• [Exercise aim]: The lines from the one containing "放射卫生法律法规.ppt_第3页" through the final line of the listing below are what the answer must repeat, exactly and only, leaving pictures out.

• [Data listing]:
★ ★ ★ ★ ★

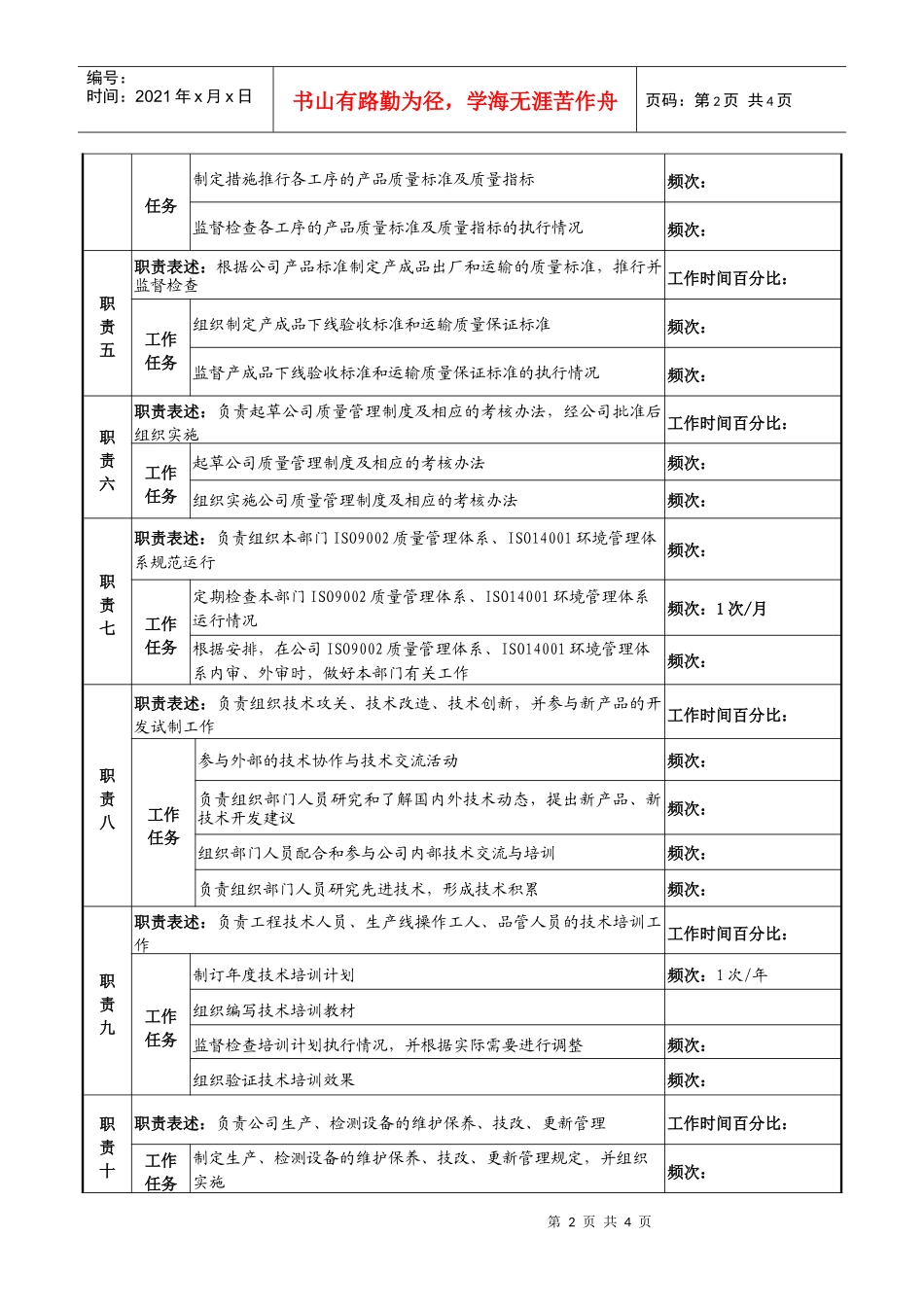 某知名光电企业技术部主任岗位说明书_第2页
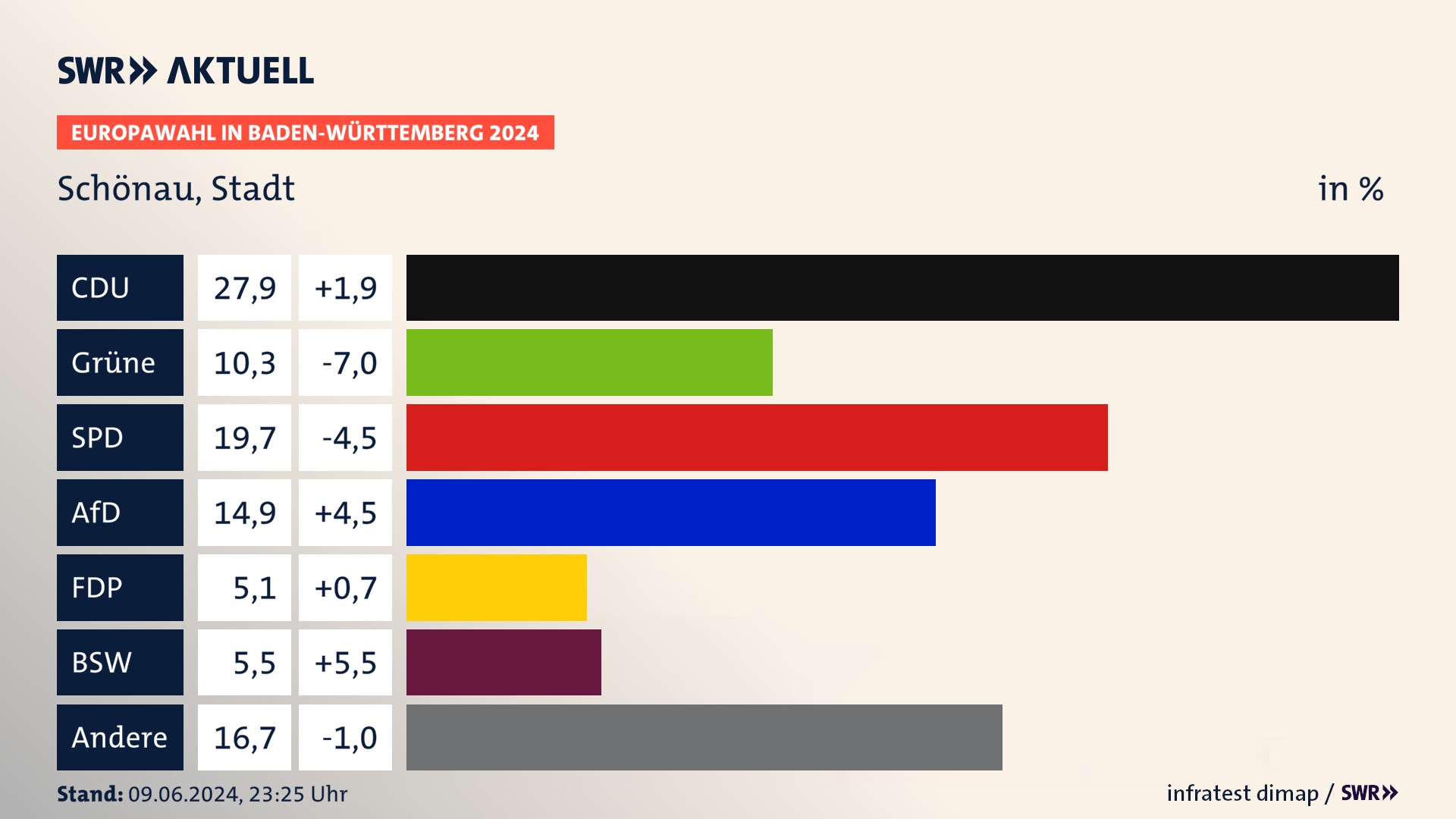 Europawahl 2024 Endergebnis Zweitstimme für Schönau, Stadt. In Schönau, Stadt erzielt die CDU 27,9 Prozent der gültigen  Stimmen. Die Grünen landen bei 10,3 Prozent. Die SPD erreicht 19,7 Prozent. Die AfD kommt auf 14,9 Prozent. Die FDP landet bei 5,1 Prozent. Die 2019 nicht angetretene Partei BSW bekommt 5,5 Prozent.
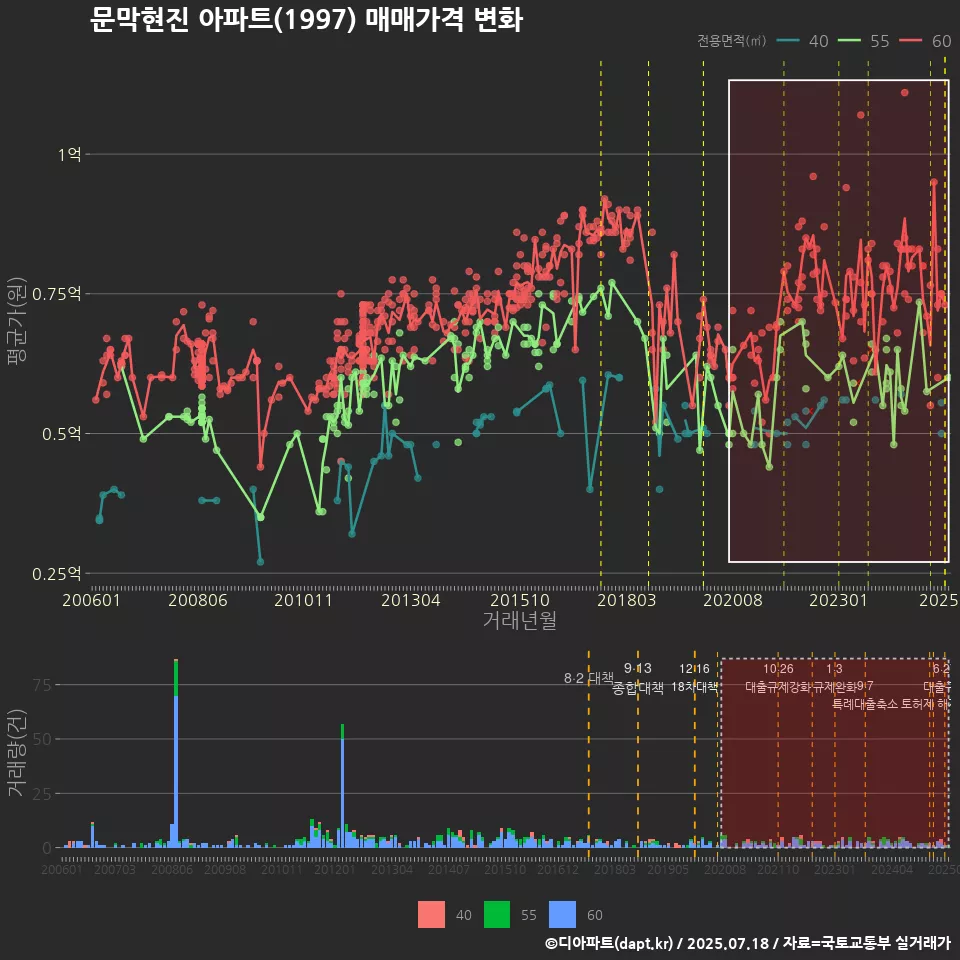 문막현진 아파트(1997) 매매가격 변화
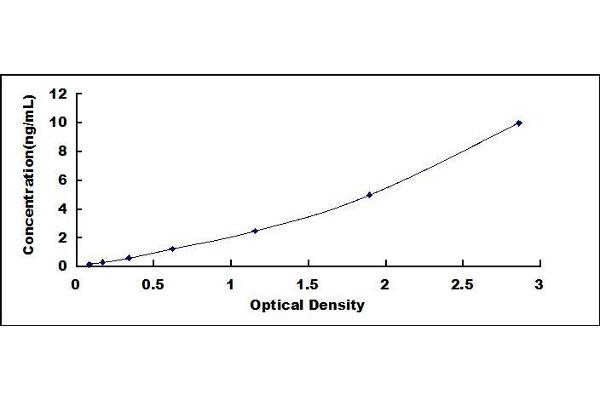 Melanoma gp100 ELISA Kit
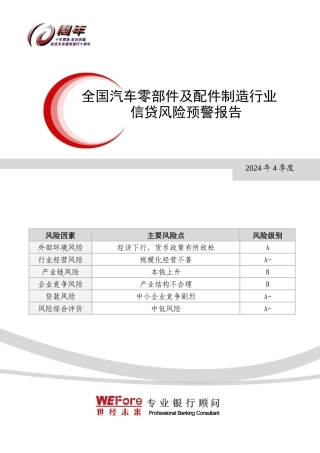 及配件制造行业信贷风险预警报告
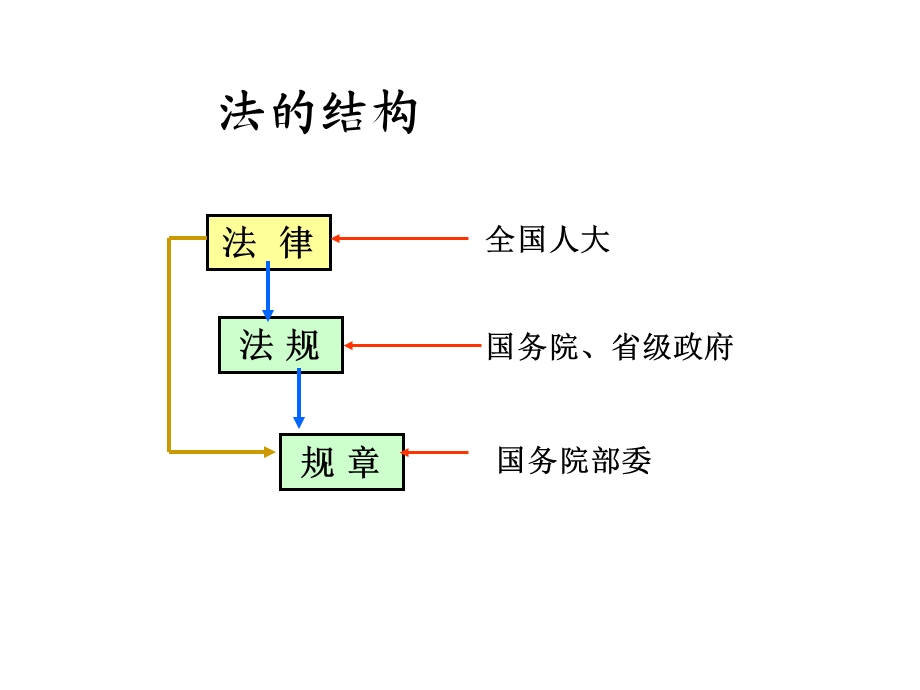 放射卫生法律法规.ppt_第3页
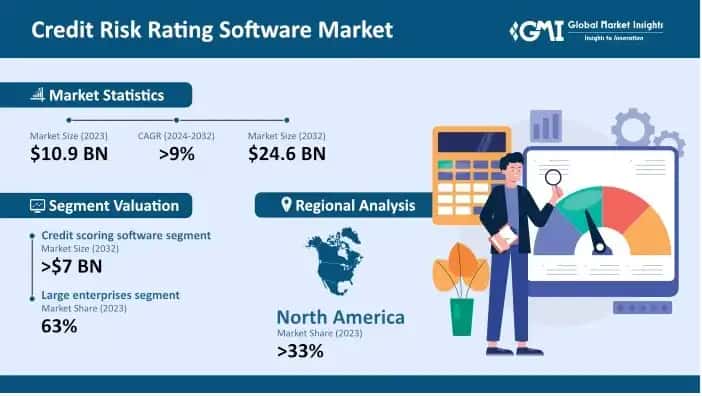 Credit Risk Rating Software Market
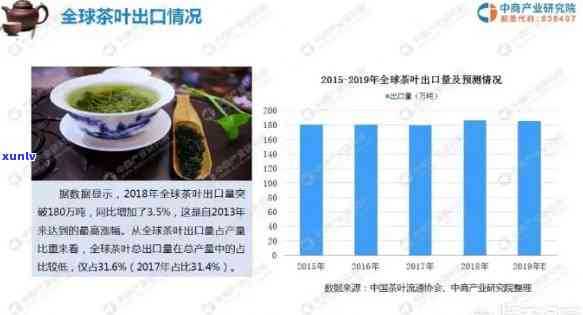 行情分析（或变革与机遇）
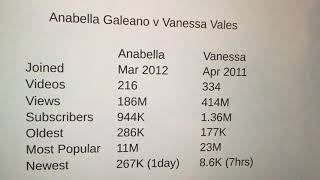 Anabella Galeano Stats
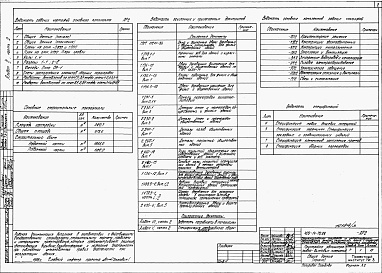 Состав альбома. Типовой проект 409-14-70.88Альбом  2   Архитектурно-строительные решения.  Пристройка административно-бытовых помещений.  Часть 2 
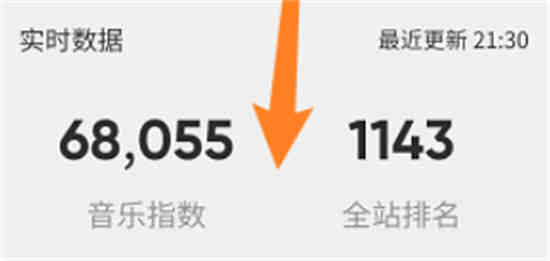 qq音乐查看全部歌曲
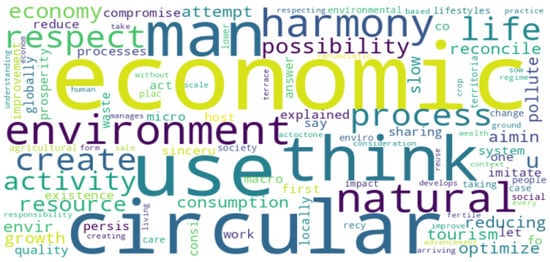 Sustainability 16 00093 g0a19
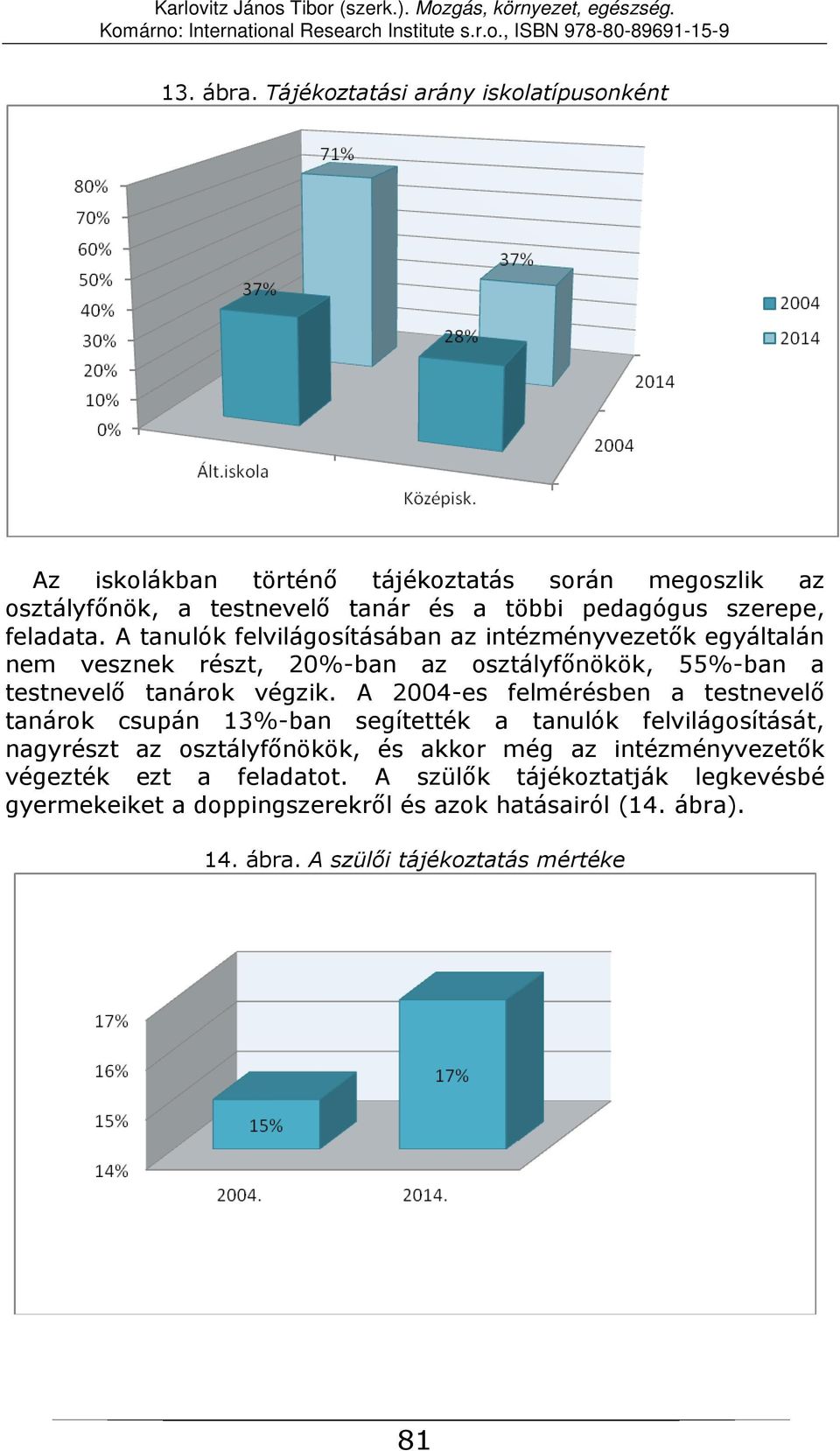 feladata. A tanulók felvilágosításában az intézményvezetők egyáltalán nem vesznek részt, 20%-ban az osztályfőnökök, 55%-ban a testnevelő tanárok végzik.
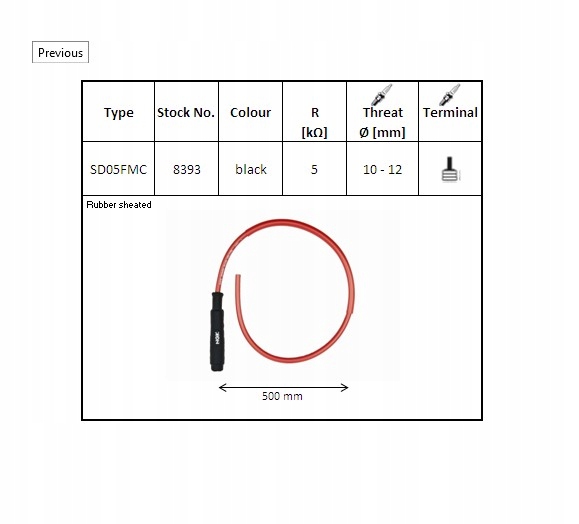 NGK FAJKA NA ŚWIECE EBONITOWA PROSTA CZARNA (NR 8393)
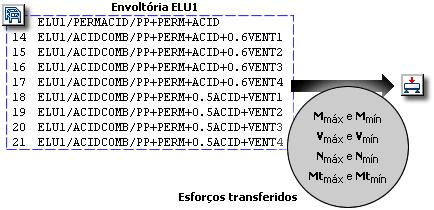 ESFORÇOS PARA DIMENSIONAMENTO 17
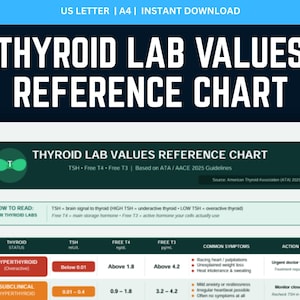 May include: A reference chart titled "THYROID LAB VALUES REFERENCE CHART" with a dark blue and white header. The chart provides information on thyroid lab values, including TSH, Free T4, and Free T3, with a table detailing thyroid status, symptoms, and actions.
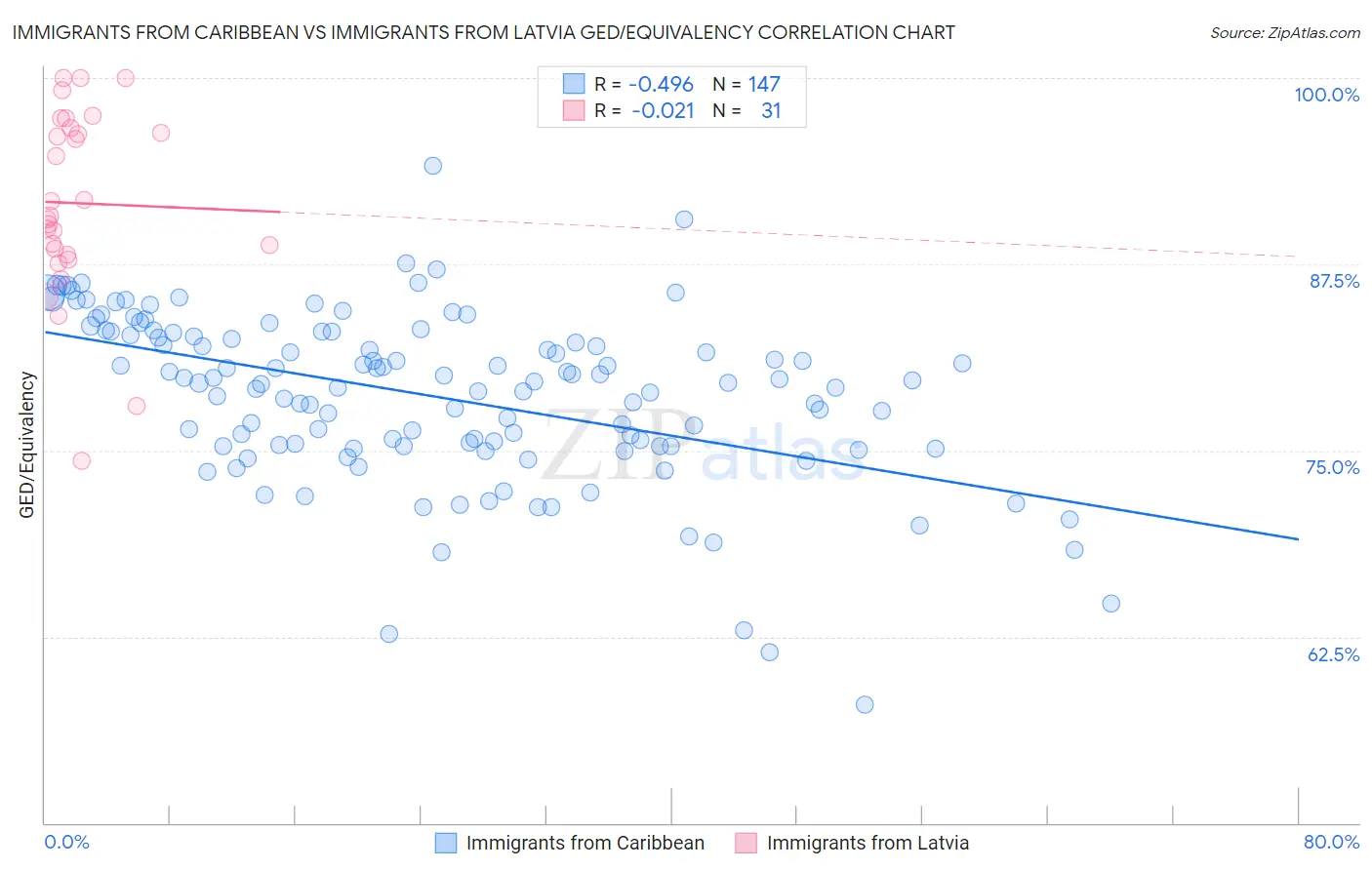 Immigrants from Caribbean vs Immigrants from Latvia GED/Equivalency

★ ★ ★ ★ ★

• [Your solution]:
 放射卫生法律法规.ppt_第3页
 Credit Risk Rating Software Market
 行情分析（或变革与机遇）
 Anabella Galeano Stats
 Состав альбома. Типовой проект 409-14-70.88Альбом  2   Архитектурно-строительные решения.  Пристройка административно-бытовых помещений.  Часть 2 
 qq音乐查看全部歌曲
 Sustainability 16 00093 g0a19
 feladata. A tanulók felvilágosításában az intézményvezetők egyáltalán nem vesznek részt, 20%-ban az osztályfőnökök, 55%-ban a testnevelő tanárok végzik.
 NGK FAJKA NA ŚWIECE EBONITOWA PROSTA CZARNA (NR 8393)
 ESFORÇOS PARA DIMENSIONAMENTO 17
 May include: A reference chart titled "THYROID LAB VALUES REFERENCE CHART" with a dark blue and white header. The chart provides information on thyroid lab values, including TSH, Free T4, and Free T3, with a table detailing thyroid status, symptoms, and actions.
 Immigrants from Caribbean vs Immigrants from Latvia GED/Equivalency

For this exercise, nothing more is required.